BEIJING, 17 janvier (Xinhua) -- L'organe suprême anti-corruption de la Chine a annoncé samedi que 115 cadres de rang provincial et ministériel ou supérieur ont fait l'objet de poursuites l'année dernière, et que 69 d'entre eux ont reçu des sanctions disciplinaires.
Ces chiffres ont été rendus publics dans un communiqué de la Commission centrale de contrôle de la discipline du Parti communiste chinois (PCC) et de la Commission nationale de supervision.

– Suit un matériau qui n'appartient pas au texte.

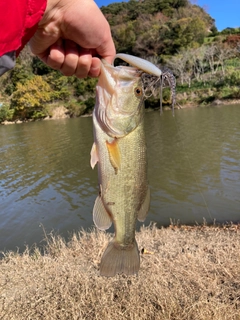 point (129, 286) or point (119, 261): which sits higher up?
point (119, 261)

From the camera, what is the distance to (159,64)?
46.5 metres

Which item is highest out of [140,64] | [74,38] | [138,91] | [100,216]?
[74,38]

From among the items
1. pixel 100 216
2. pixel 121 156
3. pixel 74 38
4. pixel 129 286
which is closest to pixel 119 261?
pixel 100 216

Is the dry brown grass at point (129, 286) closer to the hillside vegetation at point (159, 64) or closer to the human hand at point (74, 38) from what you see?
the human hand at point (74, 38)

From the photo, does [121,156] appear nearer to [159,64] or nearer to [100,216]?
[100,216]

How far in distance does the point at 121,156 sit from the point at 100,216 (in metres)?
0.40

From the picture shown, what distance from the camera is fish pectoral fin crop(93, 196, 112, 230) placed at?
191 centimetres

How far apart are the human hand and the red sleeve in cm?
45

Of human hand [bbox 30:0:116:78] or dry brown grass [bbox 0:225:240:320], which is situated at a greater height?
human hand [bbox 30:0:116:78]

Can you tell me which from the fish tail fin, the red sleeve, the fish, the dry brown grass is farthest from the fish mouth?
the dry brown grass

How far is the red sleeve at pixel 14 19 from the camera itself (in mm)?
1073

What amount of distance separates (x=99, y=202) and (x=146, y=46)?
61659 mm

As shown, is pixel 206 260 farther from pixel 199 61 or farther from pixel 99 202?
pixel 199 61

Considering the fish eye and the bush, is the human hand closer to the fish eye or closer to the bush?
the fish eye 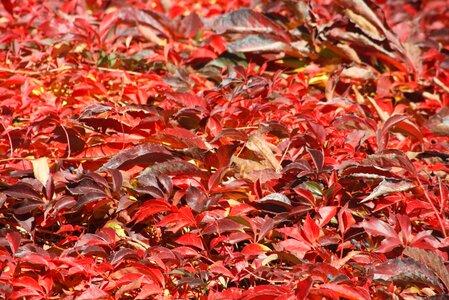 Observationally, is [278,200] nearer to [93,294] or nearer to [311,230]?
[311,230]

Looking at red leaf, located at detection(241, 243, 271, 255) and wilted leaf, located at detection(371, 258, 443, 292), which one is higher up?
wilted leaf, located at detection(371, 258, 443, 292)

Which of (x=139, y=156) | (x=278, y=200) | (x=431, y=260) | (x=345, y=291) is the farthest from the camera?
(x=139, y=156)

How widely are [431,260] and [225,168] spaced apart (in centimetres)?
56

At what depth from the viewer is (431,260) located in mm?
1672

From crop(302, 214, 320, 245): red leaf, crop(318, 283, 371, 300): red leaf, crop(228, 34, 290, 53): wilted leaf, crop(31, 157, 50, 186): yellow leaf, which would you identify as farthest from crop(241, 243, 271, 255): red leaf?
crop(228, 34, 290, 53): wilted leaf

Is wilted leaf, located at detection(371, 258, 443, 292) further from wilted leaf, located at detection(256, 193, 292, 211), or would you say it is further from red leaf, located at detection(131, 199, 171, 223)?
red leaf, located at detection(131, 199, 171, 223)

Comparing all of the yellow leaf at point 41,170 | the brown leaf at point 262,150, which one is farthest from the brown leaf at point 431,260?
the yellow leaf at point 41,170

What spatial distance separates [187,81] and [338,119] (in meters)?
0.64

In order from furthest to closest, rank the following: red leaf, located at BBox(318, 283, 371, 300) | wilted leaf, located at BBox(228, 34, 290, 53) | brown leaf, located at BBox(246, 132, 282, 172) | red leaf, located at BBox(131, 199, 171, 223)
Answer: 1. wilted leaf, located at BBox(228, 34, 290, 53)
2. brown leaf, located at BBox(246, 132, 282, 172)
3. red leaf, located at BBox(131, 199, 171, 223)
4. red leaf, located at BBox(318, 283, 371, 300)

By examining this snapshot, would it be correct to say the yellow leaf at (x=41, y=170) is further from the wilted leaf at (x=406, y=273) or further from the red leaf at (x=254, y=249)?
the wilted leaf at (x=406, y=273)

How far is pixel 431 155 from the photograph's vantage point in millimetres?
2215

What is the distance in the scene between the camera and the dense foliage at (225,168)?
167 cm

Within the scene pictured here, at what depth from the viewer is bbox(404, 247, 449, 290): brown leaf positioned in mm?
1642

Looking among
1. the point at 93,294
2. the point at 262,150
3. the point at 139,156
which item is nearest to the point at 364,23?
the point at 262,150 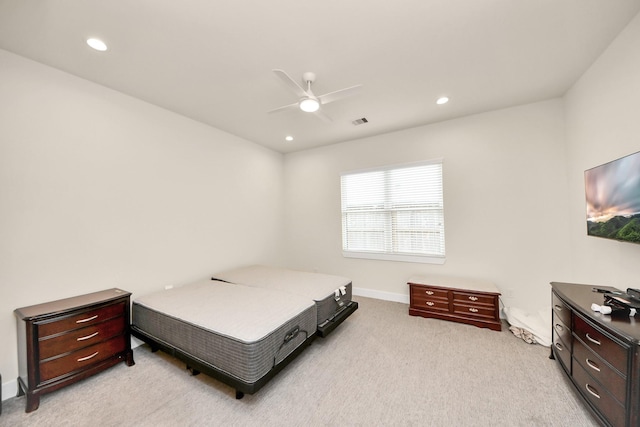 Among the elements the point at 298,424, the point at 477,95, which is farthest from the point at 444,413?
the point at 477,95

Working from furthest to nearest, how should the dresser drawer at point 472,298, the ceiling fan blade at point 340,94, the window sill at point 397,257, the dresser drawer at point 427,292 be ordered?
the window sill at point 397,257 < the dresser drawer at point 427,292 < the dresser drawer at point 472,298 < the ceiling fan blade at point 340,94

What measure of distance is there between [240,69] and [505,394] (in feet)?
12.1

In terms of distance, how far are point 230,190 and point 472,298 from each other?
13.0 ft

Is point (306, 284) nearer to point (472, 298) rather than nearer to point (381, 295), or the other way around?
point (381, 295)

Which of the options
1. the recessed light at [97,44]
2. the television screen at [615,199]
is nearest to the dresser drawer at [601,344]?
the television screen at [615,199]

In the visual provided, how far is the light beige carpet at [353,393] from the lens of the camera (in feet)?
5.51

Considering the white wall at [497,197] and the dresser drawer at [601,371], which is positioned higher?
the white wall at [497,197]

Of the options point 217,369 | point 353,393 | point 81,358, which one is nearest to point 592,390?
point 353,393

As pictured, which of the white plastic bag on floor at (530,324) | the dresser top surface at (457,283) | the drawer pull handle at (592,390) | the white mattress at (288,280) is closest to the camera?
the drawer pull handle at (592,390)

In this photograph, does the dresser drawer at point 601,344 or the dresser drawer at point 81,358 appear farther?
the dresser drawer at point 81,358

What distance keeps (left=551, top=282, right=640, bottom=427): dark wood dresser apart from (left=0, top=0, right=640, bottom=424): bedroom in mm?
718

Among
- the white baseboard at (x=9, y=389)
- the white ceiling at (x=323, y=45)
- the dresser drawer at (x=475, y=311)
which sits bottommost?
the white baseboard at (x=9, y=389)

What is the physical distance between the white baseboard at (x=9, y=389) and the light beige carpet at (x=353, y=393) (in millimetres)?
63

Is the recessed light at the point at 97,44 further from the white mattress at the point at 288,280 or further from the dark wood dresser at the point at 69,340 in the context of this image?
the white mattress at the point at 288,280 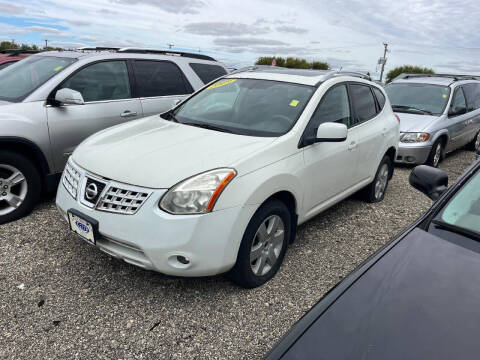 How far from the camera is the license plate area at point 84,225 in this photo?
8.42 ft

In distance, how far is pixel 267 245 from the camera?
114 inches

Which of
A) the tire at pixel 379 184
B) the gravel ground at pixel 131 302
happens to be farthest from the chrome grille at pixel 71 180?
the tire at pixel 379 184

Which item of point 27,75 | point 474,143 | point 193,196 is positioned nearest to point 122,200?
point 193,196

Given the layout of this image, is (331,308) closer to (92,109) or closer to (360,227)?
(360,227)

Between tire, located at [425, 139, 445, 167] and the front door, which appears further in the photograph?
tire, located at [425, 139, 445, 167]

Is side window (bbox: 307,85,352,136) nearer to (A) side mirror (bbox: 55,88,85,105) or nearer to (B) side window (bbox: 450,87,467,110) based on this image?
(A) side mirror (bbox: 55,88,85,105)

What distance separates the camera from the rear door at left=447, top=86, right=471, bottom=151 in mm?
7203

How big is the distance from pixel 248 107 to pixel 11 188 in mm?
2482

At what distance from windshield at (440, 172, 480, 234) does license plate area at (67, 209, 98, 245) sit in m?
2.14

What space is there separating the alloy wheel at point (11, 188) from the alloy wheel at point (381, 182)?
158 inches

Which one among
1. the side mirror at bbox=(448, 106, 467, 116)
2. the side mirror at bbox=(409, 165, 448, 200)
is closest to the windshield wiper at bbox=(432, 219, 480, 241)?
the side mirror at bbox=(409, 165, 448, 200)

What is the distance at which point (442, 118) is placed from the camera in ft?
22.7

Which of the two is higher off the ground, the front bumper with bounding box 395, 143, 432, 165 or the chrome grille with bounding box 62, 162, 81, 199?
the chrome grille with bounding box 62, 162, 81, 199

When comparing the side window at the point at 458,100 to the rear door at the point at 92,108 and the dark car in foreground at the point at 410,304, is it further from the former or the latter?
the dark car in foreground at the point at 410,304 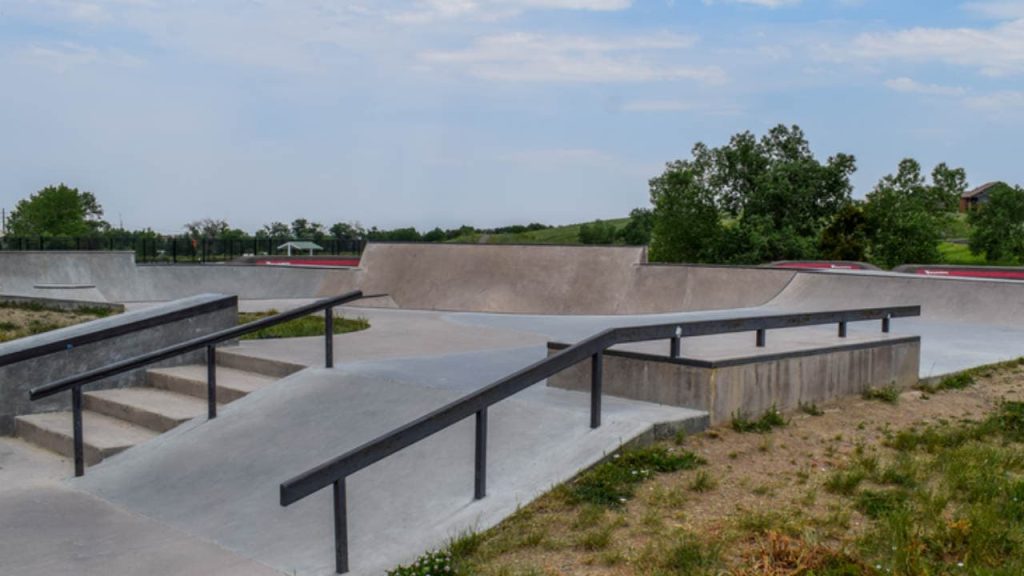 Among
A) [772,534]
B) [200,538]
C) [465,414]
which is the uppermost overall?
[465,414]

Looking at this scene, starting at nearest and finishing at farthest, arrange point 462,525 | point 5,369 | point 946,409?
1. point 462,525
2. point 946,409
3. point 5,369

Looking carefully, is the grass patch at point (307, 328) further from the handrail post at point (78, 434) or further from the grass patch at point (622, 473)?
the grass patch at point (622, 473)

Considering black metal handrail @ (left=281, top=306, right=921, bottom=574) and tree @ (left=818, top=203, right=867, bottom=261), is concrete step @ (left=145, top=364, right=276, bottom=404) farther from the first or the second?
tree @ (left=818, top=203, right=867, bottom=261)

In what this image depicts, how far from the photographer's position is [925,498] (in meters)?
4.93

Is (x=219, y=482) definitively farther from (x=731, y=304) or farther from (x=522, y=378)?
(x=731, y=304)

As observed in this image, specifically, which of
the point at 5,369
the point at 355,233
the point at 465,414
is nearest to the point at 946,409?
the point at 465,414

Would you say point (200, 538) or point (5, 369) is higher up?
point (5, 369)

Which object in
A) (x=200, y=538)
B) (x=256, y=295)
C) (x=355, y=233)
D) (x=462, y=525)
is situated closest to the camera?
(x=462, y=525)

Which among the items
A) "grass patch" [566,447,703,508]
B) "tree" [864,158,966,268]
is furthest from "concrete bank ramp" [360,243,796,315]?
"tree" [864,158,966,268]

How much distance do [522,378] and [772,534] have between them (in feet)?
5.40

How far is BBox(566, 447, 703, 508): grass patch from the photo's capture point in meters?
4.98

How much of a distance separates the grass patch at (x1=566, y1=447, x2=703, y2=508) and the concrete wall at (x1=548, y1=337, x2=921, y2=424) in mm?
689

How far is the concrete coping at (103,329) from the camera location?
7586 millimetres

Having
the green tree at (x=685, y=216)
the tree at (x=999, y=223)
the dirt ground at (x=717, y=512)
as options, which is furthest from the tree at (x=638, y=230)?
the dirt ground at (x=717, y=512) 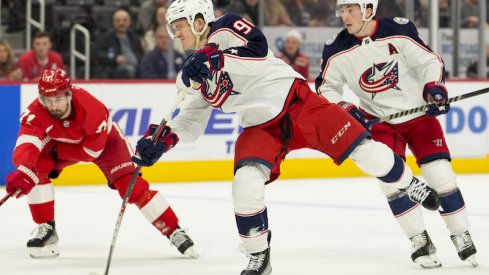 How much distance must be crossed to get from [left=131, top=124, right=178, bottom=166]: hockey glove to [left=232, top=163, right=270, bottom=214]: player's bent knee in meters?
0.36

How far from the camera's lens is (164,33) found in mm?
8453

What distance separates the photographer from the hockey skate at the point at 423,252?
418cm

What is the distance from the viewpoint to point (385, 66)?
439cm

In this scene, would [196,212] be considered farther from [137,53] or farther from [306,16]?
[306,16]

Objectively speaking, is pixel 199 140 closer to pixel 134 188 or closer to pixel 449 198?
pixel 134 188

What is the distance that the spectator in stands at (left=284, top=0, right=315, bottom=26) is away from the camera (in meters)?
9.16

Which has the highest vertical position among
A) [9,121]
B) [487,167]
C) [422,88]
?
[422,88]

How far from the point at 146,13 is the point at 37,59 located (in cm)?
120

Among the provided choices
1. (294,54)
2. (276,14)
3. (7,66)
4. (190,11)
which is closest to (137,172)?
(190,11)

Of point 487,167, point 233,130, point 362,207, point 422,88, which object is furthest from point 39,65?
point 422,88

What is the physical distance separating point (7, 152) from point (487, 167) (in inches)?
147

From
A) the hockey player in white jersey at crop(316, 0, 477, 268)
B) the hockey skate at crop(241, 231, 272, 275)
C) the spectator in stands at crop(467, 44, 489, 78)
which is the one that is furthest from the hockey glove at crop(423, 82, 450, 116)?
the spectator in stands at crop(467, 44, 489, 78)

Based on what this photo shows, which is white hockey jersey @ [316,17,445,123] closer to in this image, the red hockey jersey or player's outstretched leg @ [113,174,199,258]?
player's outstretched leg @ [113,174,199,258]

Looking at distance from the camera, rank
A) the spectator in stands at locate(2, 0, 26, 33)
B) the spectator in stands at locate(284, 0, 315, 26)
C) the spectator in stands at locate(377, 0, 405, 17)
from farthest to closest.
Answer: the spectator in stands at locate(377, 0, 405, 17) < the spectator in stands at locate(284, 0, 315, 26) < the spectator in stands at locate(2, 0, 26, 33) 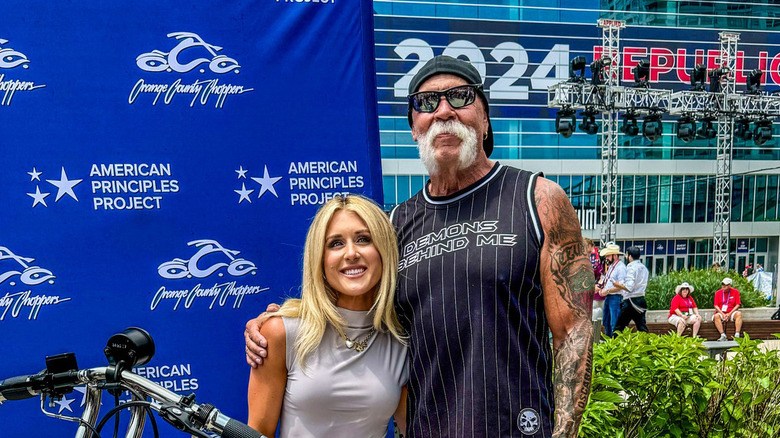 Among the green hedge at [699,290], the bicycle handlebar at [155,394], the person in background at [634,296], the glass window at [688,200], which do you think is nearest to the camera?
the bicycle handlebar at [155,394]

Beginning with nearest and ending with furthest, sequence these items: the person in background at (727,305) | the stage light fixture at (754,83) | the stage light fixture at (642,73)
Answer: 1. the person in background at (727,305)
2. the stage light fixture at (642,73)
3. the stage light fixture at (754,83)

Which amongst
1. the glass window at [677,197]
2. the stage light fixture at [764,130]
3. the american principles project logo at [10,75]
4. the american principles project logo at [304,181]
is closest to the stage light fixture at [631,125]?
the stage light fixture at [764,130]

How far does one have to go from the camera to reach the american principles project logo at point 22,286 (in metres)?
2.98

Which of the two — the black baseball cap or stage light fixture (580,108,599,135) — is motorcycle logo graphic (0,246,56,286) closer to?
the black baseball cap

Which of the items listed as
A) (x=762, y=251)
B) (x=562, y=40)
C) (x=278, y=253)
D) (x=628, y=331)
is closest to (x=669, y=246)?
(x=762, y=251)

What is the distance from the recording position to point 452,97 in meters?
2.40

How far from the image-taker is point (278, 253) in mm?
3371

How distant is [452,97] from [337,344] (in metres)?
1.09

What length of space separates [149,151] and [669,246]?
31.9 m

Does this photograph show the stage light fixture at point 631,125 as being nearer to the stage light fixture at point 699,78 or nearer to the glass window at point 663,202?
the stage light fixture at point 699,78

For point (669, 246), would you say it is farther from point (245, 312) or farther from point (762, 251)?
point (245, 312)

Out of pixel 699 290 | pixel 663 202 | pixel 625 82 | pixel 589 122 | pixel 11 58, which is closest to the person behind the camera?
pixel 11 58

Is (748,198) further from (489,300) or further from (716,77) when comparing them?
(489,300)

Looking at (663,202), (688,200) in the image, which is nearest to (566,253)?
(663,202) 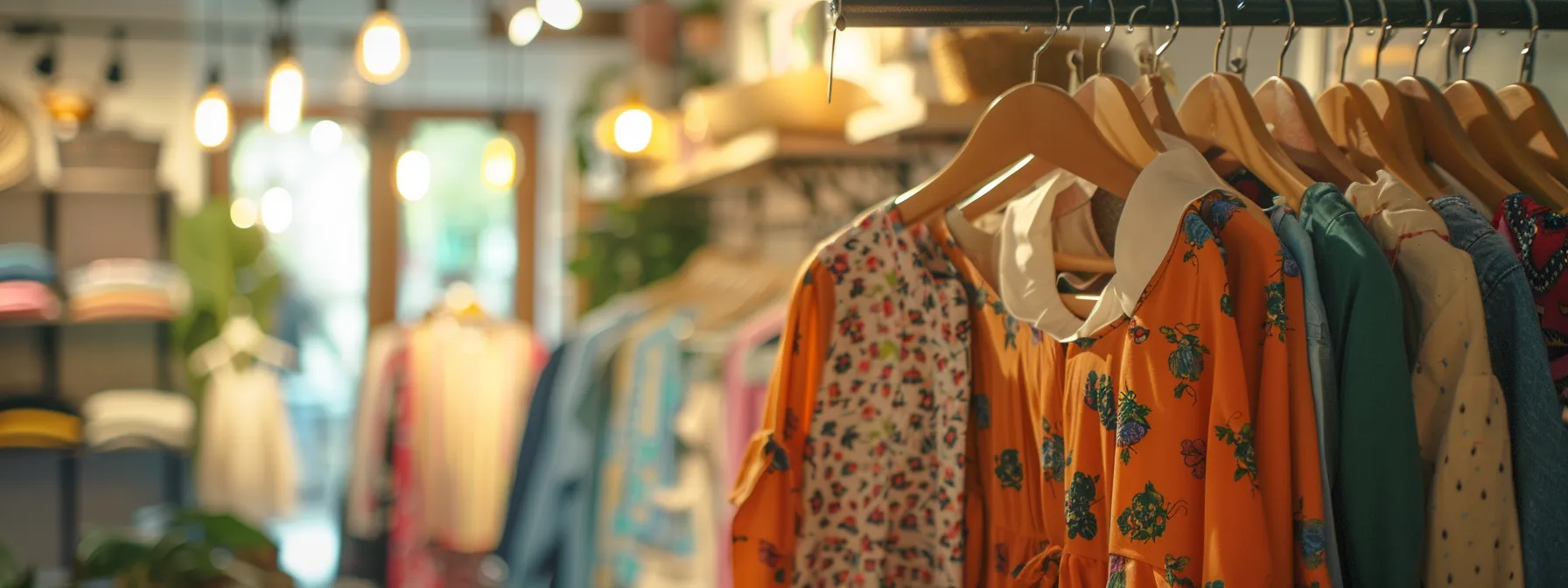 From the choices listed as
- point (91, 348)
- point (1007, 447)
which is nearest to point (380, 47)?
point (1007, 447)

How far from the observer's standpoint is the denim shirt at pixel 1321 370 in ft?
2.91

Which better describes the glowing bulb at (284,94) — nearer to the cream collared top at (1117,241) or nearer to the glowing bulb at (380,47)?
the glowing bulb at (380,47)

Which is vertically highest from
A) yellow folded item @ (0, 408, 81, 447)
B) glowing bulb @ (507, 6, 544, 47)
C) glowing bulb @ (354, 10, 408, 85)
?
glowing bulb @ (507, 6, 544, 47)

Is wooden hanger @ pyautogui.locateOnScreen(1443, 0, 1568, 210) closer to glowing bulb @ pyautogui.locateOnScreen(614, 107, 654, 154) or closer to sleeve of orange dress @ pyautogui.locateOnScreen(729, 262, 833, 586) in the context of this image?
sleeve of orange dress @ pyautogui.locateOnScreen(729, 262, 833, 586)

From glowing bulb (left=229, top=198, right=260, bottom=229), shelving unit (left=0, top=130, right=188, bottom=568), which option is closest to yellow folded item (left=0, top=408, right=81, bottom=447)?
shelving unit (left=0, top=130, right=188, bottom=568)

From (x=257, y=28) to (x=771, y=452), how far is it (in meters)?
5.69

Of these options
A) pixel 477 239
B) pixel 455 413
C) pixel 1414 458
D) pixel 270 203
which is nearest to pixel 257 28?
pixel 477 239

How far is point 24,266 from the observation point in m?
4.29

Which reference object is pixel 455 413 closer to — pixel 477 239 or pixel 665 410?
pixel 665 410

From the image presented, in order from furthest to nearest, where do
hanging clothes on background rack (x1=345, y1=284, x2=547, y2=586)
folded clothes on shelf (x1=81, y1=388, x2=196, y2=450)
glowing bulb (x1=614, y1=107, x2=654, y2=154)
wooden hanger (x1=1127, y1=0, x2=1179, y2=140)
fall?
1. folded clothes on shelf (x1=81, y1=388, x2=196, y2=450)
2. hanging clothes on background rack (x1=345, y1=284, x2=547, y2=586)
3. glowing bulb (x1=614, y1=107, x2=654, y2=154)
4. wooden hanger (x1=1127, y1=0, x2=1179, y2=140)

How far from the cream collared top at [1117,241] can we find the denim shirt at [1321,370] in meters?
0.08

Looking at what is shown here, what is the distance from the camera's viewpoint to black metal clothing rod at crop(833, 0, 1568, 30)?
0.98 meters

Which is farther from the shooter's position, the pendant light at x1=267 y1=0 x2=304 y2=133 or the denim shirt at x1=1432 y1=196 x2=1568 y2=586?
the pendant light at x1=267 y1=0 x2=304 y2=133

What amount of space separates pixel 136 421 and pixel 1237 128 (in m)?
4.28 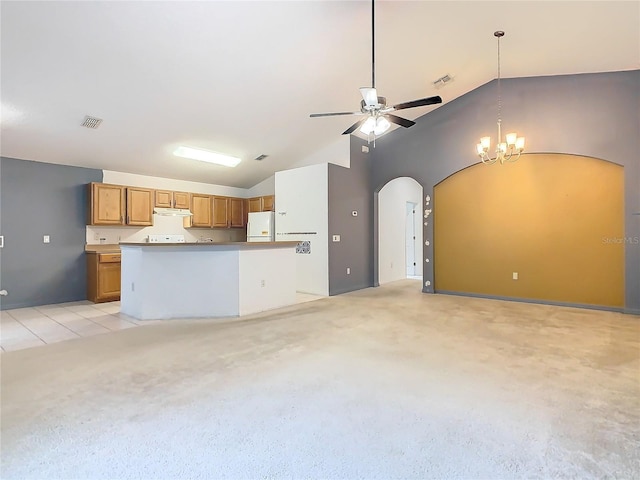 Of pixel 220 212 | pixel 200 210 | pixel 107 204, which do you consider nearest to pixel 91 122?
pixel 107 204

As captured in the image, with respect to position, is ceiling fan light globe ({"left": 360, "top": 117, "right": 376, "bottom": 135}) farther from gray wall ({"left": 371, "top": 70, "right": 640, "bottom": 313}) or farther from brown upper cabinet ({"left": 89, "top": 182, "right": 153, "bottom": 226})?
brown upper cabinet ({"left": 89, "top": 182, "right": 153, "bottom": 226})

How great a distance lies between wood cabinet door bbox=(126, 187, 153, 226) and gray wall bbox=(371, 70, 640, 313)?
4.89 meters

Au cours de l'année écoulée, la campagne rigoureuse de lutte contre la corruption de la Chine a progressé sans relâche, les autorités ayant promis de ne faire "ni pause, ni recul" dans leurs efforts pour éradiquer la corruption et les manquements.
Tout au long de l'année, le PCC n'a ménagé aucun effort pour rectifier la conduite de ses membres. En mars dernier, il a lancé une campagne d'éducation de quatre mois pour exhorter ses quelque 100 millions de membres à renforcer le respect d'un code de conduite.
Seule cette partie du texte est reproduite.